Romani is a language divided into several varieties, belonging to the Indo-European branch of the Indo-European language family, and a direct successor to a dialect that must have been closely related, though not necessarily identical, to the vernacular basis of Sanskrit. The languages share common features with both Central Indian and Northwest Indian languages. The linguistic evidence suggests that Romani first participated in an early development of Central Indian languages and then joined the development of Northwest Indian languages such as Sindhi over a longer period. It is therefore assumed that the speakers of Romani at that time came from central India and shifted their areas of settlement to northwest India from the 3rd century BC onwards. There is no agreement on the time of further migration to the west, but it can be placed between the 5th and 10th centuries and must probably also assume several migration movements within this period.

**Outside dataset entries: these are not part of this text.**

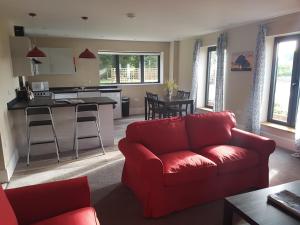 a living room with a red couch and a kitchen at Oak & Hazel, Heath Row Barn in Overton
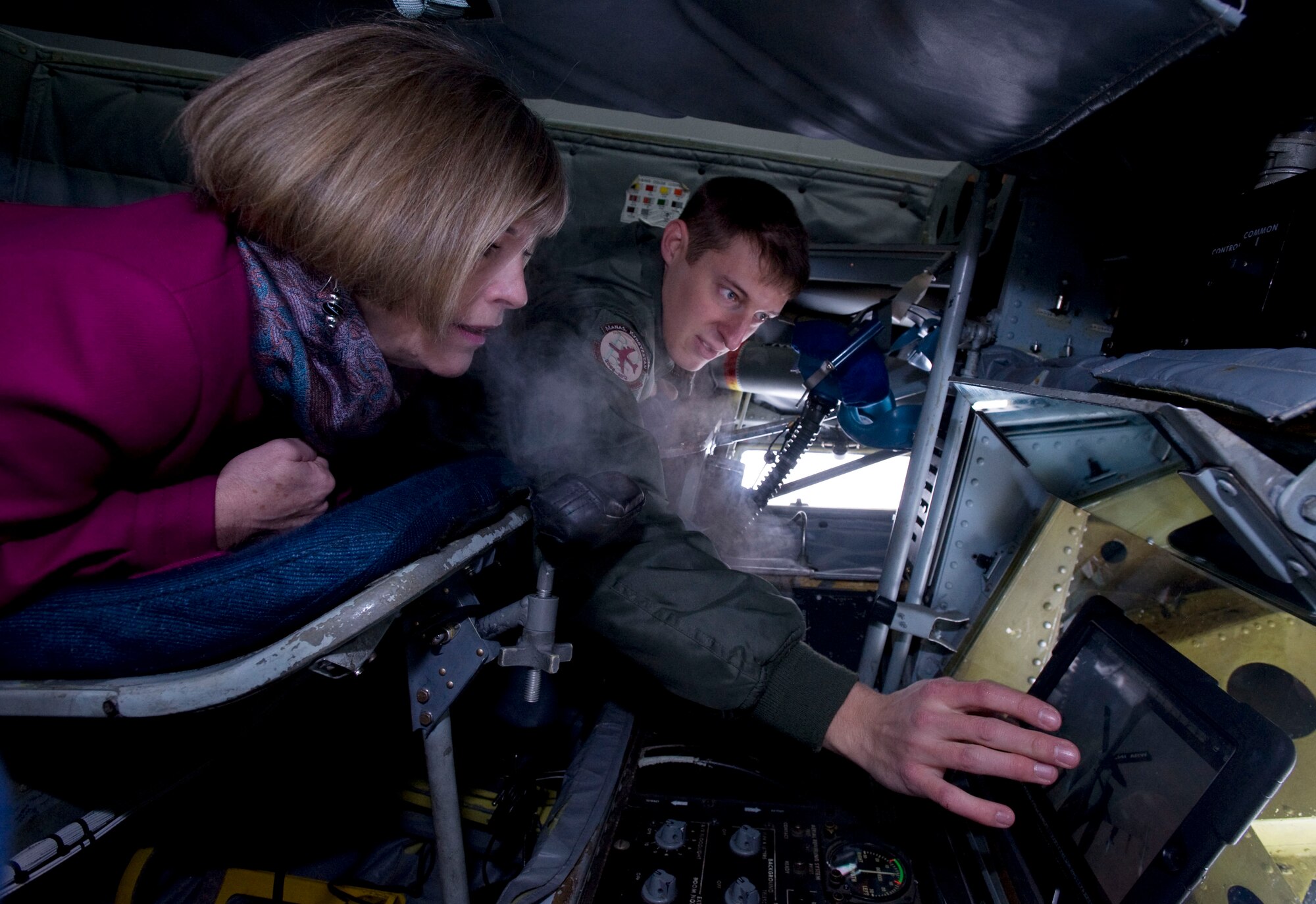Senior Airman Josh Eidson, 22nd Expeditionary Air Refueling Squadron KC-135 Stratotanker boom operator, shows Deanie Dempsey, wife of U.S. Army Gen. Martin Dempsey, Chairman of the Joint Chiefs of Staff, his work space during her visit at the Transit Center at Manas, Kyrgyzstan, Dec. 15, 2012.  Eidson showed Dempsey footage of a refueling mission to illustrate the precision he uses in operating the boom.  (U.S. Air Force photo / Staff Sgt. Stephanie Rubi)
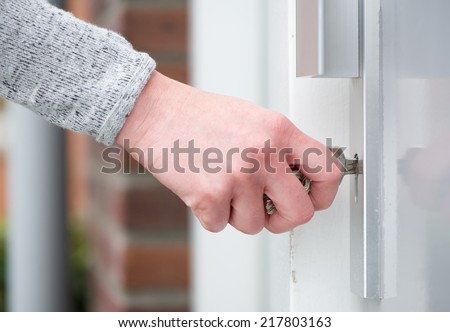 Close up side view female hand inserting key in door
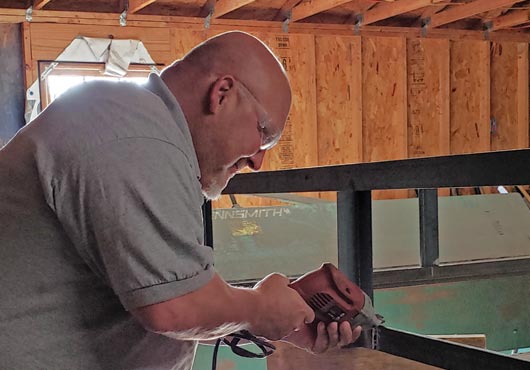 Shown working on trailer frames at his company’s warehouse in Elm City, NC, is Scott Bailey, Owner and President of Statewide Sheetmetal and Roofing.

Romani dialects have thus developed independently of other Indian languages for more than 800 years, including at least 700 years in Europe. Romani, after the arrival of its speakers in Europe, was particularly subject in vocabulary and syntax to the influence of the Balkan languages, especially the Middle Greek of the Byzantine period.
Older classifications assumed that Romani had divided into three main variants even before its arrival in Europe: Romani, which came to Europe in the 13th century, Domari in the Middle East and North Africa, and Lomavren in Armenia. Today, however, researchers assume that Romani and Lomavren are only distantly related and that Domari is an independent language that arrived in West Asia from India as early as the 7th century.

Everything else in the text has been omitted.